Pretty much every job I’ve worked on has involved large, single run data jobs in one for or another, be they regularly run over night batch jobs, data migrations to support application code deployments (try to avoid this - read this brilliant article) or jobs to clean up mistakes in the customer data, and, almost without exception, they’ve been a source of misery.

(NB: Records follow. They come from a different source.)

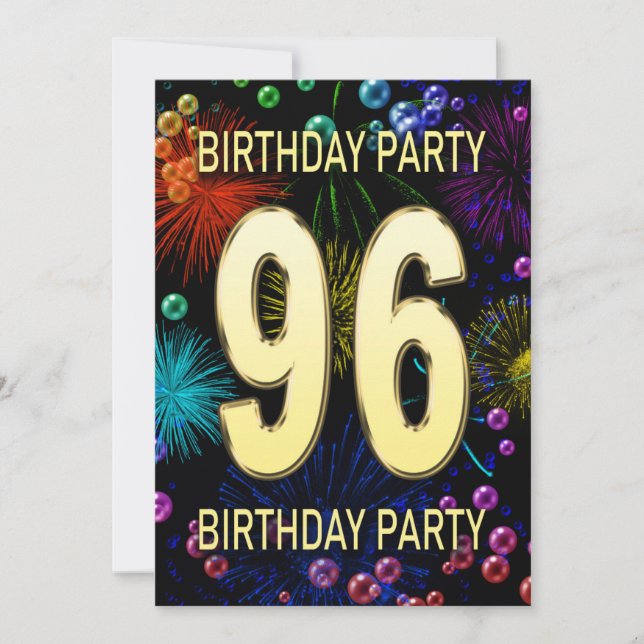 96e anniversaire Fête Invitation Feu d'artifice (Devant)
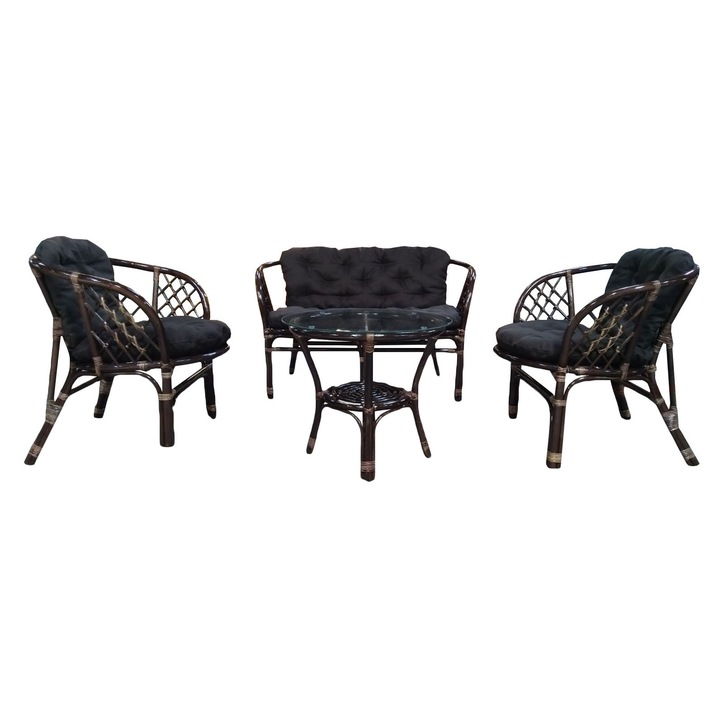 Set mobilier gradina cu 2 scaune si canapea, Bahama Choco Brown, Lemn/Sticla, perne incluse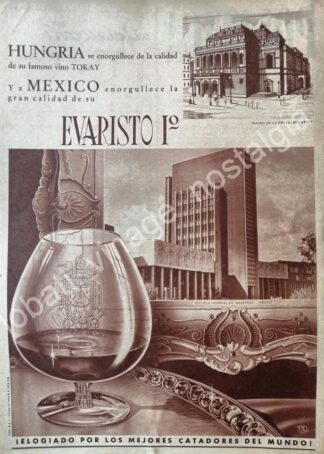 CARTEL ANTIGUO ORIGINAL DE BRANDY EVARISTO Y LA ESCUELA NORMAL SUPERIOR 1958 /V274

Data jobs often don’t seem to get the attention and love that regular code does which is a great shame. They’re scary, they’re often dangerous, and they scare the pants off those ops people who often end up running them. I could tell a lot of tales here about the horror shows I’ve seen but they all boil down to a few scenarios so I present… A Crap Acronym

I believe that all data jobs should FIRST

(F)eedback

There’s nothing worse than kicking off a job and getting…. nothing. A blinking cursor, for an hour, whilst you panic and end up stracing the damned process in another window to make sure it’s not died. Jobs should

  • Tell you wht they are going to do (“Updating 100,000,000 rows”)
  • Report in when they start doing something (“Starting batch 1,000,000”)
  • Tell you when they’ve done that thing (“file6 finished”)

(I)terative

Don’t try and do everything in one massive chunk. Structure your job so that it is working on reasonably sized sets of data at one time, completing them and then moving on. This makes feedback easier (indeed possible) and leads nicely too…

(R)erunable

Processes are killed and get killed. By working from chunks your job can be canned between them and if you’ve set it up so it can be started again without fuss, so much the better. Ideally you don’t want to have to redo everything again but just pick up where you left off.

(S)toppable

Sometimes you have to can a job part way through, for example, this job was thought to be ok to run during the working day but after it got started your customers started getting terrible response times and now you’ve just got to sit it out. There’s nothing worse than being beholden to a process you can’t interrupt because it’ll leave your system in an untenable state.

(T)imed

Feedback is great, but it’s not important if it’s telling you you are 9% of the way through a job which is going to take 47 hours. Having an idea of how long a batch job is going to run is essential but often missed. It can be difficult to get an idea of how long things will take because developers often don’t have access to production but simple techniques like EXPLAIN and getting counts of rows should allow you to avoid monstrous mistakes.